-------- SUPPLIED INFORMATION --------
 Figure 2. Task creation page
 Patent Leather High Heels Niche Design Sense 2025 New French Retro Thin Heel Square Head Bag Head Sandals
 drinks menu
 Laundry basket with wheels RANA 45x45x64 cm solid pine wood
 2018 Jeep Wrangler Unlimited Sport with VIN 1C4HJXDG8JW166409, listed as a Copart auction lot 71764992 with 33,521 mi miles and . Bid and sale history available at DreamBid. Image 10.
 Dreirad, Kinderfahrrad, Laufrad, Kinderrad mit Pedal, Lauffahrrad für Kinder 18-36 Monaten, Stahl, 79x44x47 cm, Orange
--------
» REQUIREMENT: The answer must be the line containing "drinks menu" and every line after it to the end of the records, repeated exactly.

» SOLUTION:
 drinks menu
 Laundry basket with wheels RANA 45x45x64 cm solid pine wood
 2018 Jeep Wrangler Unlimited Sport with VIN 1C4HJXDG8JW166409, listed as a Copart auction lot 71764992 with 33,521 mi miles and . Bid and sale history available at DreamBid. Image 10.
 Dreirad, Kinderfahrrad, Laufrad, Kinderrad mit Pedal, Lauffahrrad für Kinder 18-36 Monaten, Stahl, 79x44x47 cm, Orange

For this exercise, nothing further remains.